Provided records below:
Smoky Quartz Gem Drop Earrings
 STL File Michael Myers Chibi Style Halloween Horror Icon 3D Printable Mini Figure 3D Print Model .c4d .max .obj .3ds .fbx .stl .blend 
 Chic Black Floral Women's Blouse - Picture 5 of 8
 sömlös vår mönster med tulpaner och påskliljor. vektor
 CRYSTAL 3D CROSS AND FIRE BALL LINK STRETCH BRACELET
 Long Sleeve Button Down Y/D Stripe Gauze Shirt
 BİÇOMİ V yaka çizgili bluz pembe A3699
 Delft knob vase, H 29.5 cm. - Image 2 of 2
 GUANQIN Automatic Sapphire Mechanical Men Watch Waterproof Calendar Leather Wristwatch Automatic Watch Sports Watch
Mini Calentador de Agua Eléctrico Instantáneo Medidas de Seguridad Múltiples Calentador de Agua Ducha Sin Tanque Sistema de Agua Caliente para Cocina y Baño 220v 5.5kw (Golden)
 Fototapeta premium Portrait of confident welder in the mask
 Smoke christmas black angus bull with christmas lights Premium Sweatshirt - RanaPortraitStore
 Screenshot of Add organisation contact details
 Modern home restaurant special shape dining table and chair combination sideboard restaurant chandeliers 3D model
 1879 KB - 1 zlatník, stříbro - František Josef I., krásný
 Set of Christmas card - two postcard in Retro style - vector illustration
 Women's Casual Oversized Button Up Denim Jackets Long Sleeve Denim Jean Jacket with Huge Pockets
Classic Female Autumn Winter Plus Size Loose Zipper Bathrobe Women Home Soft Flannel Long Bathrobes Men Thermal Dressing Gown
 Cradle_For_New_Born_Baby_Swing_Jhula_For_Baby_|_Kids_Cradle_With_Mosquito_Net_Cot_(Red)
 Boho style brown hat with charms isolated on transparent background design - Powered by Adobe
End of Provided records.
• [Problem requirements] From the records above, reproduce exactly the lines from the one with "Screenshot of Add" to the one with "Classic Female Autumn", both included, and no others.

• [Solution]
 Screenshot of Add organisation contact details
 Modern home restaurant special shape dining table and chair combination sideboard restaurant chandeliers 3D model
 1879 KB - 1 zlatník, stříbro - František Josef I., krásný
 Set of Christmas card - two postcard in Retro style - vector illustration
 Women's Casual Oversized Button Up Denim Jackets Long Sleeve Denim Jean Jacket with Huge Pockets
Classic Female Autumn Winter Plus Size Loose Zipper Bathrobe Women Home Soft Flannel Long Bathrobes Men Thermal Dressing Gown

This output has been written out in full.